_Records provided:_

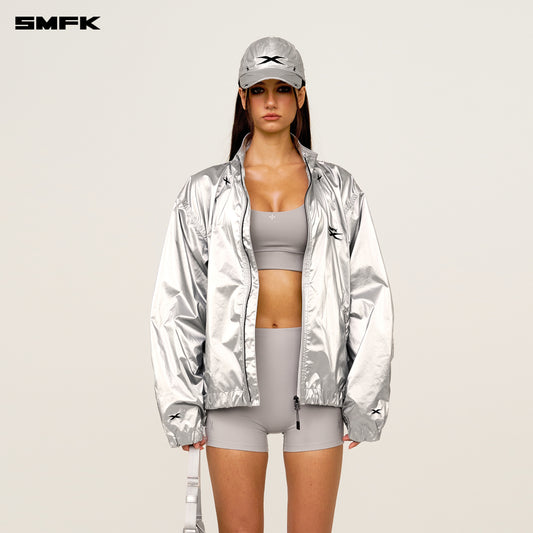 FUTURE STORM Oversized Sports Jacket Cosmic Silver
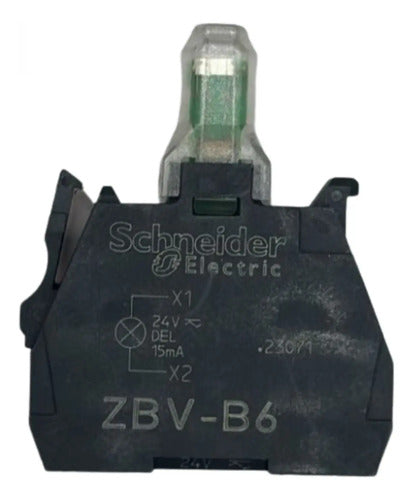 Kit Com 2: Led Azul Zbvb6 24vca/cc Schneider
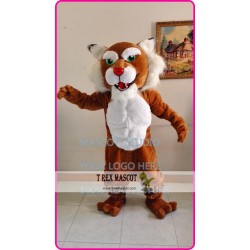 Mascot Wildcat Mascot Bobcat Courgar Costume Cartoon Anime 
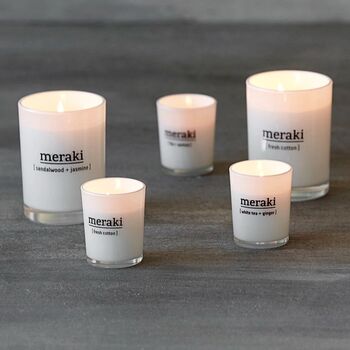 Meraki Sandalwood And Jasmine Scented Candle, 2 of 8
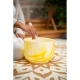 Meinl Sonic Energy 10" Marble Crystal Singing Bowl (E4, Yellow, 432 Hz, Solarplexus Chakra) 3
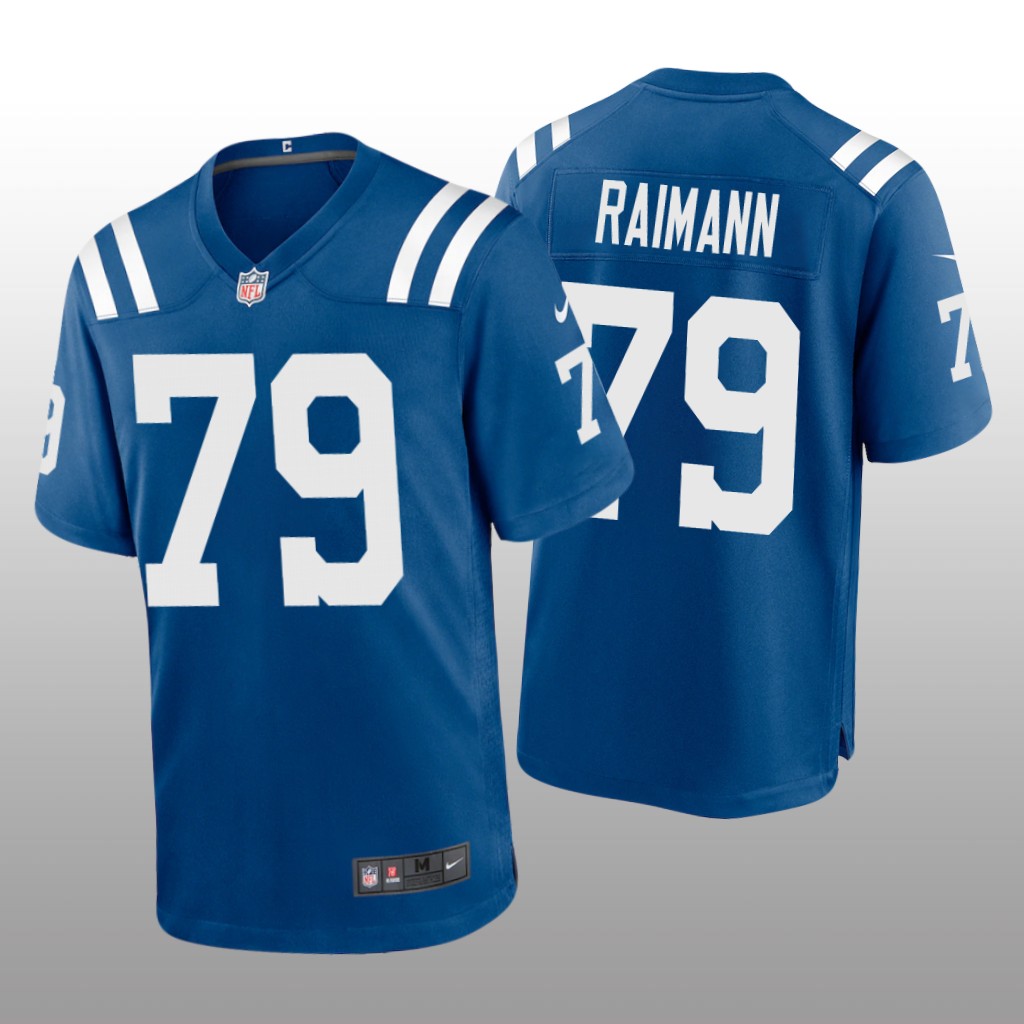 Indianapolis Colts Bernhard Raimann Royal Jersey Game - Men's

_Exercise aim:_ Nothing may be altered when you restate the records, but every picture must be dropped.

_Response to this task:_
 FUTURE STORM Oversized Sports Jacket Cosmic Silver
 Kit Com 2: Led Azul Zbvb6 24vca/cc Schneider
 Mascot Wildcat Mascot Bobcat Courgar Costume Cartoon Anime 
 Meraki Sandalwood And Jasmine Scented Candle, 2 of 8
 Meinl Sonic Energy 10" Marble Crystal Singing Bowl (E4, Yellow, 432 Hz, Solarplexus Chakra) 3
 Indianapolis Colts Bernhard Raimann Royal Jersey Game - Men's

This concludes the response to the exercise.